**Supplied data**

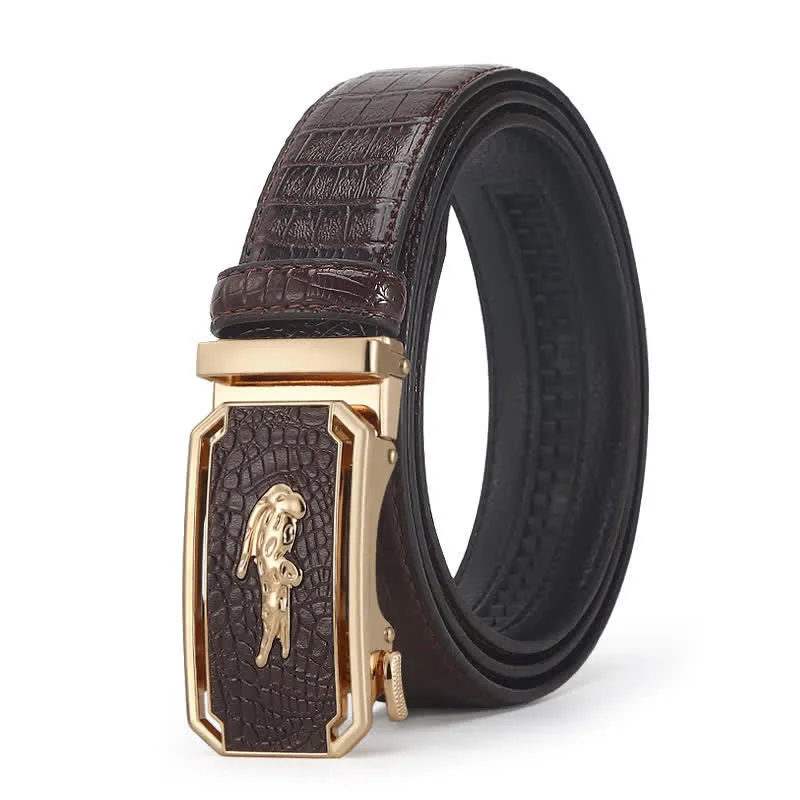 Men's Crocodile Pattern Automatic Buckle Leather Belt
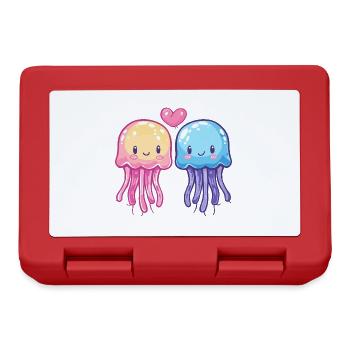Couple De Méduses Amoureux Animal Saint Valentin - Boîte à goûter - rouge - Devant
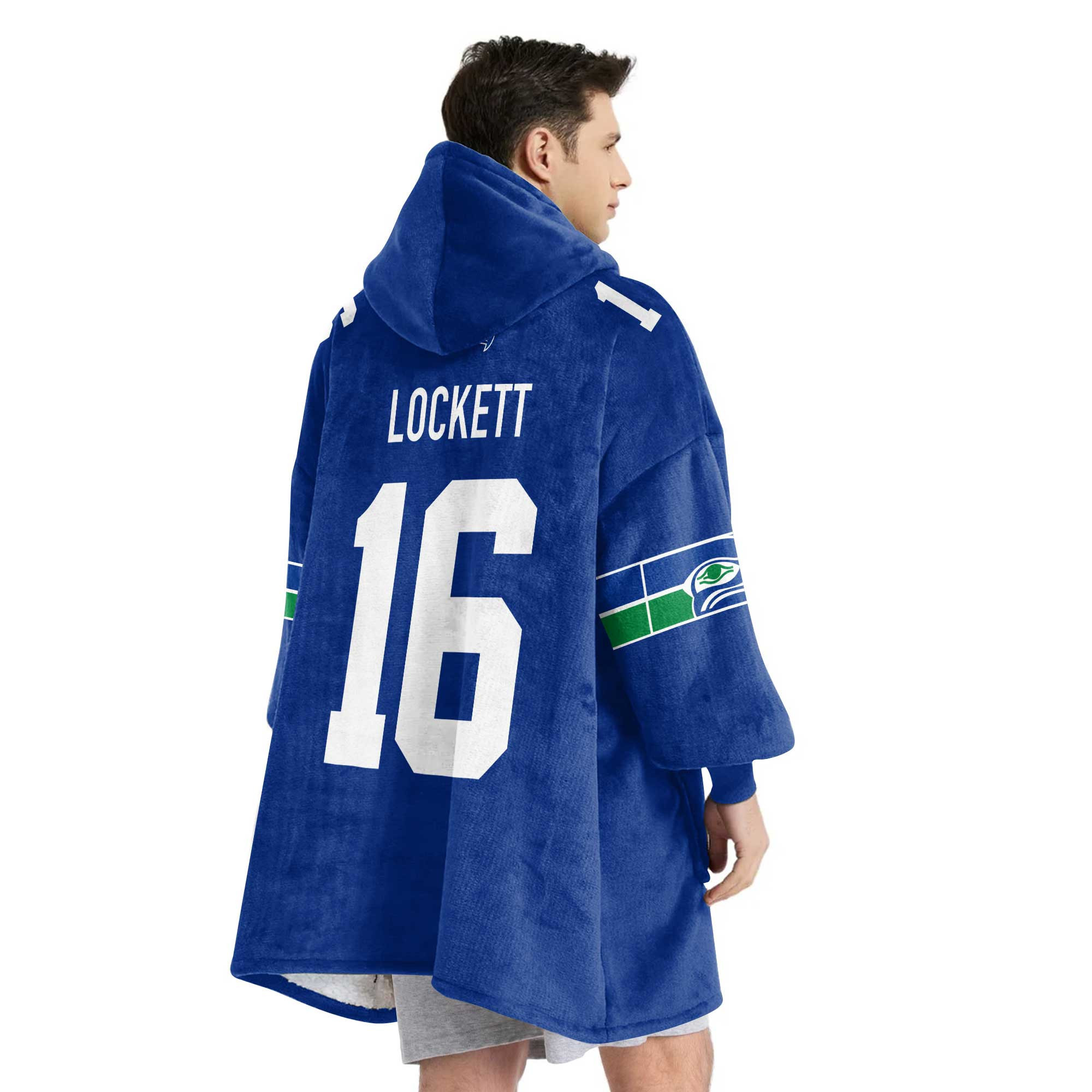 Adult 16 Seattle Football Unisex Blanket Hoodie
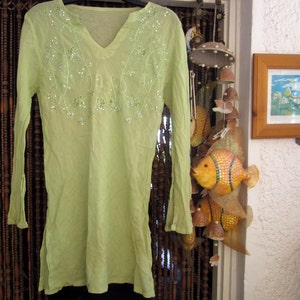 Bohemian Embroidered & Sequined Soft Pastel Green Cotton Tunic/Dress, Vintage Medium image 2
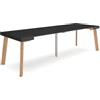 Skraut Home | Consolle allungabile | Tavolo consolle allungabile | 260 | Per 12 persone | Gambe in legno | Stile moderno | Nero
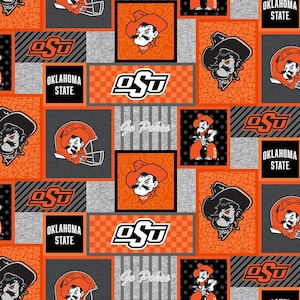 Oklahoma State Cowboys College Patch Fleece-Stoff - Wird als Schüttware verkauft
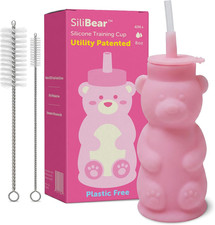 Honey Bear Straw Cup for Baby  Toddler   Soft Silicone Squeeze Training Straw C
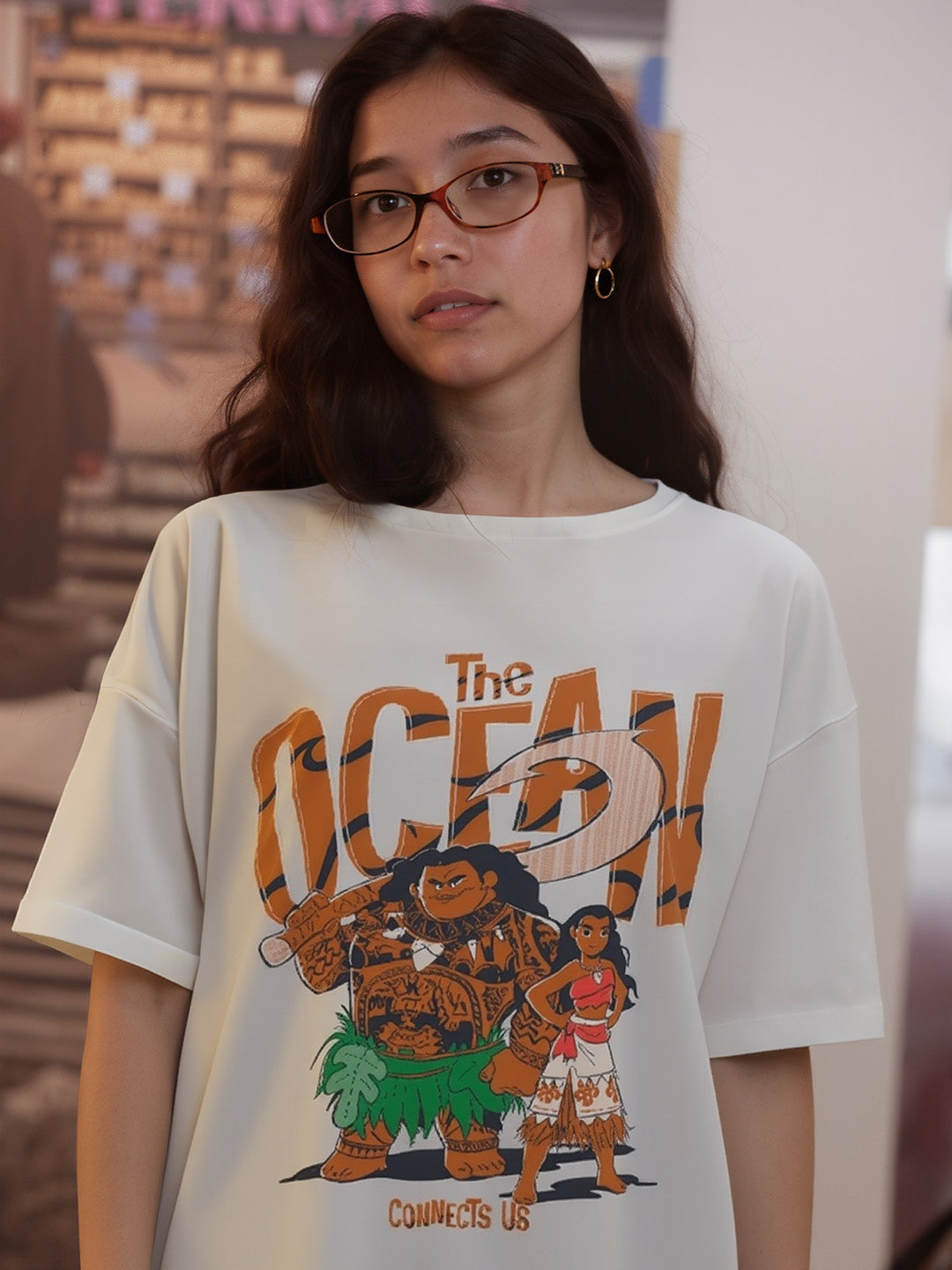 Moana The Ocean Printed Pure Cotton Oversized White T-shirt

**Instructions for the task**
Would you copy out every line of the data above exactly, minus the pictures?

**Worked solution**
 Men's Crocodile Pattern Automatic Buckle Leather Belt
Couple De Méduses Amoureux Animal Saint Valentin - Boîte à goûter - rouge - Devant
 Adult 16 Seattle Football Unisex Blanket Hoodie
 Bohemian Embroidered & Sequined Soft Pastel Green Cotton Tunic/Dress, Vintage Medium image 2
 Skraut Home | Consolle allungabile | Tavolo consolle allungabile | 260 | Per 12 persone | Gambe in legno | Stile moderno | Nero
 Oklahoma State Cowboys College Patch Fleece-Stoff - Wird als Schüttware verkauft
 Honey Bear Straw Cup for Baby  Toddler   Soft Silicone Squeeze Training Straw C
 Moana The Ocean Printed Pure Cotton Oversized White T-shirt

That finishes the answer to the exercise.